Before the new year, we were
told why we need a hackathon for machine translation. Next week, the 50 participants selected will come to Dolgoprudny to participate in training the system on non-parallel data. In addition to many hours of brainstorming, the scientific school will help in the search for solutions - a
series of lectures from leading world experts in machine translation . Habr, we invite you to visit interesting performances! They will be held on Fiztekh from January 29 to February 4, do not forget to
register . Well, if you don’t want to leave the house on a frosty winter evening, you can watch the broadcasts on
the DeepHack channel .
"Attention is all you need"Ilya Polosukhin , founders of the startup
Near.AI and ex-Google employee
January 30, 20:30
Today, most natural language processing relies on convolutional and recurrent models in a coding / decoding scheme. The most successful models connect the decoder with the encoder through the mechanism of attention. One of the founders of the Near.AI startup, Ilya Polosukhin, will talk about the breakthrough Transformer machine translation model he worked on at Google. It is a simple network architecture built only on attention mechanisms. As experience shows, experiments with neural machine translation demonstrate an improvement in the quality of translation, with significant savings in training compared to the previously proposed recurrent models.
')
"Deep learning for reading comprehension"Ruslan Salakhutdinov (Carnegie Mellon University)
February 2, 7 pm
Ruslan Salakhutdinov, Associate Professor at the Faculty of Machine Learning at Carnegie Mellon University, will talk about the use of in-depth training for text understanding. His research is aimed at understanding the computational and statistical principles that allow the structure to be detected in large amounts of data.
More about the work experience of RuslanIn 2009, Ruslan received his Ph.D. in computer science (specialization: machine learning) at the University of Toronto, after which he worked for two years in the laboratory of artificial intelligence of the Massachusetts Institute of Technology. He then returned to the University of Toronto as a senior lecturer in the departments of computer science and statistics.
Ruslan is editor in the Journal of Machine Learning Research and, moreover, he was a member of the program committees of several specialized conferences, including the Conference on Neural Network Information Processing Systems (NIPS) and the International Conference on Machine Learning (ICML). Ruslan received scholarships from the Alfred Sloan Foundation and Microsoft, and participates in the Canada Research Chair program for machine learning. He is a winner of the Early Researcher Award, a Google award for members of the academic community, and the Nvidia Award for AI Pioneers. Ruslan is a senior research fellow at the Canadian Institute for Advanced Study.

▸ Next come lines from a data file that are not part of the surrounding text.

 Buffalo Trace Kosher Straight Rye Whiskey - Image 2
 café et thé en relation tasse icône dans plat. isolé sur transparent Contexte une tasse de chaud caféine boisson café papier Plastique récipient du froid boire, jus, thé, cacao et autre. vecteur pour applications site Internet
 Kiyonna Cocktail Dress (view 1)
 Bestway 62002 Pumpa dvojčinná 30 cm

"Neural Machine Translation"Kyunghyun Cho (New York University & Facebook)
February 2, 5:30 pm
Gyeonghyun Cho, a senior lecturer in computer science and data science at New York University and a fellow at
Facebook AI Research , will talk about his research over the past 2.5 years in the field of neural machine translation. Using as a starting point the concept of neural machine translation on the mechanisms of attention, Kyunghyon Cho will also touch upon the topics of multilingual translation, non-parametric neural machine translation based on search engines and machine learning without a teacher. He will also briefly talk about his current work in the laboratory, including non-autoregressive neural machine translation and trained greedy decoders.

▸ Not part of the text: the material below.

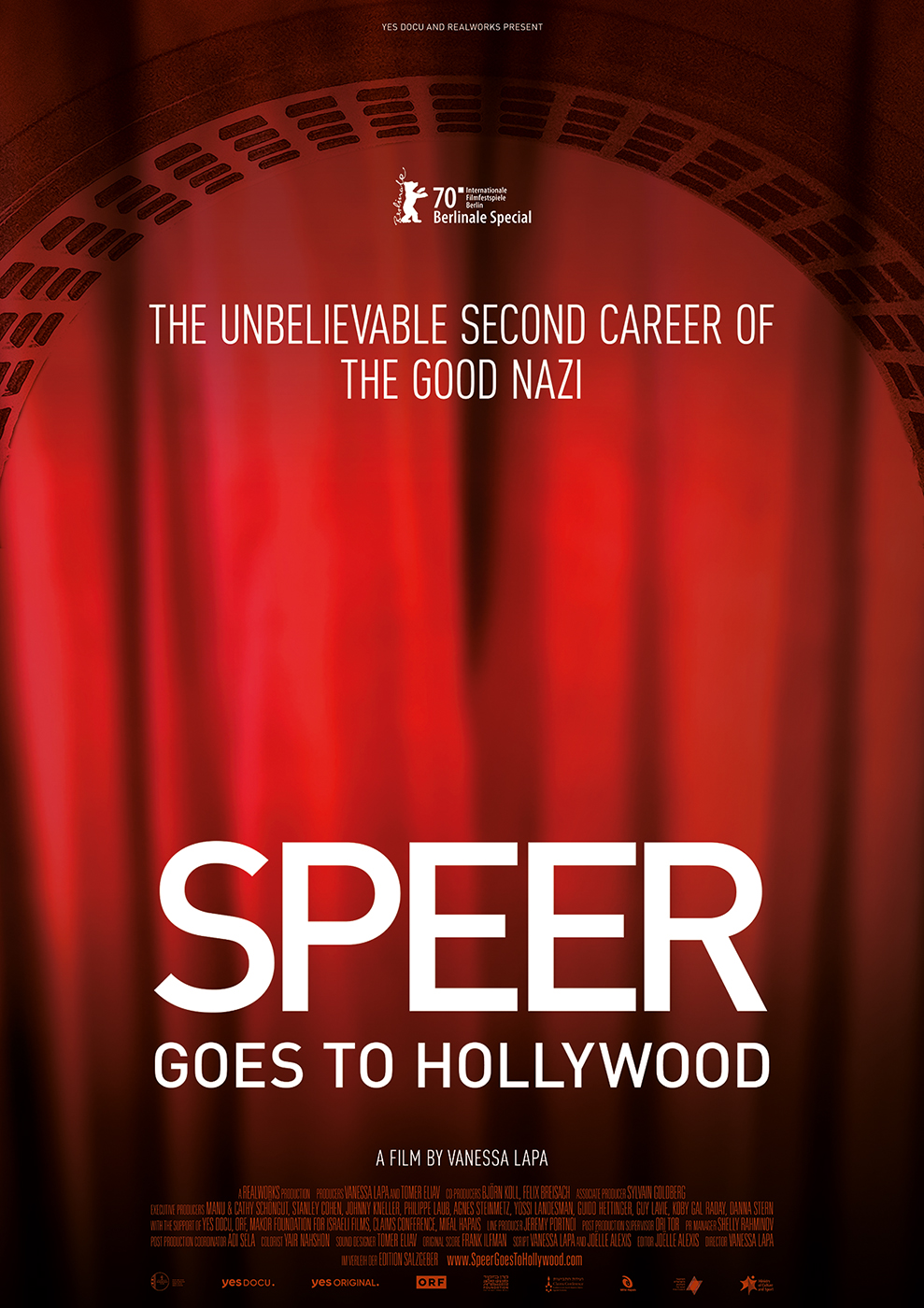 SpeerGoesToHollywood Plakat 01 EN web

"Neural easy-first taggers"Andre Martins , Researcher at Unbabel Inc.'s Lisbon office
February 4, 11:00
André Martins will talk about his recent work on a new text processing model called neural easy-first tagger. This model is trained to solve problems of marking the sequence - for example, annotation of grammatical and lexical features of words in the text. The model solves the task of marking the sequence, regardless of the order of the objects in it. The decoder updates the “sketch” of the predictions in several iterations. His work is based on the attentional mechanism, which determines how much of the incoming data is strategically beneficial to process the next. When solving sequence marking problems, this model is superior to taggers using bidirectional networks with long short-term memory (BILSTM).